What to produce:
Print, exactly as written, every line from the first line of the records below through the line containing "Trinish Homestay Hatton Bagian luar foto", and nothing further.

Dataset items
_ _ _

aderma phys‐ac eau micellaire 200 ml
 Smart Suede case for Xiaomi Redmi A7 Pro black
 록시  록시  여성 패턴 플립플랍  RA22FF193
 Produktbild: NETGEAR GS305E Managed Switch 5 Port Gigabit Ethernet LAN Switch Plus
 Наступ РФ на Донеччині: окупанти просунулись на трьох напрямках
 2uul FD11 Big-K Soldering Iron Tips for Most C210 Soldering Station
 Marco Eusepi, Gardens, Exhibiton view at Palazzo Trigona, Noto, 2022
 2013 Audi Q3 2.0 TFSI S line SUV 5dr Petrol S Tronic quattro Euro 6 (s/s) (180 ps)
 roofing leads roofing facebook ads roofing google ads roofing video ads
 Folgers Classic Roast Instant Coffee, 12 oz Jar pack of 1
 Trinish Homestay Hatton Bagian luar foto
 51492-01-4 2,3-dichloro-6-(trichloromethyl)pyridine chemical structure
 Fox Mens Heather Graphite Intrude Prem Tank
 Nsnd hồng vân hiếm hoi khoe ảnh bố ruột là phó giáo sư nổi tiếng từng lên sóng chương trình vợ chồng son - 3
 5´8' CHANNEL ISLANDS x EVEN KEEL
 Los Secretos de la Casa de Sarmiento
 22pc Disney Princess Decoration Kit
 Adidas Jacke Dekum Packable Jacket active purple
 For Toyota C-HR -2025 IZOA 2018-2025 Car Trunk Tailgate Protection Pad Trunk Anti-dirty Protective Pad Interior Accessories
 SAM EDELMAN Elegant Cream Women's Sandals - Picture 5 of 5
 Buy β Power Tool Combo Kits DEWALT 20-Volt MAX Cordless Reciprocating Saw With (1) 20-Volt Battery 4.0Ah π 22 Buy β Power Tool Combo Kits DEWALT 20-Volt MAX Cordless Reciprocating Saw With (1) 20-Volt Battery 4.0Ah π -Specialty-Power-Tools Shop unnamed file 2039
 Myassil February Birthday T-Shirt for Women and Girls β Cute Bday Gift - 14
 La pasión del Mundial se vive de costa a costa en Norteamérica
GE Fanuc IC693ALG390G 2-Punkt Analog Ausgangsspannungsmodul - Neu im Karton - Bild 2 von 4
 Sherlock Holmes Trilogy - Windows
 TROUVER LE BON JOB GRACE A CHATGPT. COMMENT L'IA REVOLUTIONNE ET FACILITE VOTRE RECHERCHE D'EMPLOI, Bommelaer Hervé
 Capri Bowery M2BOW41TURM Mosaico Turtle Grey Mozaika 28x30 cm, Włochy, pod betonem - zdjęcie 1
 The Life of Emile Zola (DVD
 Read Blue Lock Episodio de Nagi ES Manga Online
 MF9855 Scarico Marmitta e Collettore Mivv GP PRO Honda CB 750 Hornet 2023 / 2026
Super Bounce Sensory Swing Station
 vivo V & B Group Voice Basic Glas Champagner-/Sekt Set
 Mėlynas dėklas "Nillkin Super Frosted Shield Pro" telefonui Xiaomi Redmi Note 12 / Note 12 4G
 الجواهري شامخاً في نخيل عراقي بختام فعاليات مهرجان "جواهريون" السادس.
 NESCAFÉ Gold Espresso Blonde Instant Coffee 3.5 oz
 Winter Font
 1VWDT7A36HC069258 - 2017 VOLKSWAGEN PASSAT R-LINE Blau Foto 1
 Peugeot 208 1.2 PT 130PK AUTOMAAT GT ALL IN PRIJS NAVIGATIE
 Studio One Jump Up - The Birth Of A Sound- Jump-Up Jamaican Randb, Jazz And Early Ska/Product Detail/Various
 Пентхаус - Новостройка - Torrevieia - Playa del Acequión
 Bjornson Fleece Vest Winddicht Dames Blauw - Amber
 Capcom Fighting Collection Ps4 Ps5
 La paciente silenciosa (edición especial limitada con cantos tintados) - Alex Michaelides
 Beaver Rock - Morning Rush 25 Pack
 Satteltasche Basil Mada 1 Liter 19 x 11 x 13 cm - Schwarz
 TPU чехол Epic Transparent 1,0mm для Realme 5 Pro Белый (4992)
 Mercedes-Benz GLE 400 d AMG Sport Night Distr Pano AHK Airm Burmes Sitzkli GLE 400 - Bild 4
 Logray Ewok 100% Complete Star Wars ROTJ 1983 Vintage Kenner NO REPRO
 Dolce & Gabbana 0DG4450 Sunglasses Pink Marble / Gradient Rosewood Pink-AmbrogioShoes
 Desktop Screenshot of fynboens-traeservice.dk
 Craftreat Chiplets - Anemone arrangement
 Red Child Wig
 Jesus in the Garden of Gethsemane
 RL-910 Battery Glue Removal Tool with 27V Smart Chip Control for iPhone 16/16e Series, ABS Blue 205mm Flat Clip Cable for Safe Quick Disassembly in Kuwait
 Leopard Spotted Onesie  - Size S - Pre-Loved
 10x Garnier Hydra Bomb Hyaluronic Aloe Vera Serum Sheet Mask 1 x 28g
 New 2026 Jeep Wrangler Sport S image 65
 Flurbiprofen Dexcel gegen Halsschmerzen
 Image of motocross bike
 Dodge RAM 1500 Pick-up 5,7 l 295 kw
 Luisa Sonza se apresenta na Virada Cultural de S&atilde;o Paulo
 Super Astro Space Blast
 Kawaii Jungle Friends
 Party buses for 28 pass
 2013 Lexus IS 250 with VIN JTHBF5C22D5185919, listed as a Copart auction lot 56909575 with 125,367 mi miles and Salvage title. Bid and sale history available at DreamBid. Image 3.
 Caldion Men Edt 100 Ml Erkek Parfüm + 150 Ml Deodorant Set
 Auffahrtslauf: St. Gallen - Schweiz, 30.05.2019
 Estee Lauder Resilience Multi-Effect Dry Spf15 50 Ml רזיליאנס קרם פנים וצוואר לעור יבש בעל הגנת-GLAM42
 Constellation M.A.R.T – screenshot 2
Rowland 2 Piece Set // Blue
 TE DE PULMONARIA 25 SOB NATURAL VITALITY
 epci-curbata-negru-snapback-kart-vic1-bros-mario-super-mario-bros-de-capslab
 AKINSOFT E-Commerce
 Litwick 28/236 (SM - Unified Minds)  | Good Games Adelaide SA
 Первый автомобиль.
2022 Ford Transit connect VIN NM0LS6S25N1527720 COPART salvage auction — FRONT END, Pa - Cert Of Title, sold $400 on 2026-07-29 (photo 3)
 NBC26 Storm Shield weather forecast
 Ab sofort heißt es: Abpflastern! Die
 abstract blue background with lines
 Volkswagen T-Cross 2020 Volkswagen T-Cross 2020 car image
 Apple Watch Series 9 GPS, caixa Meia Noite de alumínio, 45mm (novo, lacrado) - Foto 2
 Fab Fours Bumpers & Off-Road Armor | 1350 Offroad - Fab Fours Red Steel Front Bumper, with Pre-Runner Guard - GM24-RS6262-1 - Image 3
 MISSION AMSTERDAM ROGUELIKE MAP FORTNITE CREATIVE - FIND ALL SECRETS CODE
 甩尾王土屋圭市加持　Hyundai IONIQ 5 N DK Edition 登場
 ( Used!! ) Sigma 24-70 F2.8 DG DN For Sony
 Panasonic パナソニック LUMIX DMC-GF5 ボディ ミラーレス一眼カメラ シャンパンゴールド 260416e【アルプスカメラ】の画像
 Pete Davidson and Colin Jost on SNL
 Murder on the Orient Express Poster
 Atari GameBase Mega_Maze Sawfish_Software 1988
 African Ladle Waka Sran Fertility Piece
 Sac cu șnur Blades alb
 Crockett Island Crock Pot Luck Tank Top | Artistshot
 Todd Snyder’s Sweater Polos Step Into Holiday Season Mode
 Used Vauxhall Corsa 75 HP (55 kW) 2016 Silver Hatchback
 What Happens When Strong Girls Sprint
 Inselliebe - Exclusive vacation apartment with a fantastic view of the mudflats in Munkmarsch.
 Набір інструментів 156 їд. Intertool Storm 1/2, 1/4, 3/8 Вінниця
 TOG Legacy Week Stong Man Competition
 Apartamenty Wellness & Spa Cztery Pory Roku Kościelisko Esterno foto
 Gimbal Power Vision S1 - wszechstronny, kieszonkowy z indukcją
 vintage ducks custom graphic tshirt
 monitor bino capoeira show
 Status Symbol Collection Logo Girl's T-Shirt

_ _ _

Solution to the exercise:
aderma phys‐ac eau micellaire 200 ml
 Smart Suede case for Xiaomi Redmi A7 Pro black
 록시  록시  여성 패턴 플립플랍  RA22FF193
 Produktbild: NETGEAR GS305E Managed Switch 5 Port Gigabit Ethernet LAN Switch Plus
 Наступ РФ на Донеччині: окупанти просунулись на трьох напрямках
 2uul FD11 Big-K Soldering Iron Tips for Most C210 Soldering Station
 Marco Eusepi, Gardens, Exhibiton view at Palazzo Trigona, Noto, 2022
 2013 Audi Q3 2.0 TFSI S line SUV 5dr Petrol S Tronic quattro Euro 6 (s/s) (180 ps)
 roofing leads roofing facebook ads roofing google ads roofing video ads
 Folgers Classic Roast Instant Coffee, 12 oz Jar pack of 1
 Trinish Homestay Hatton Bagian luar foto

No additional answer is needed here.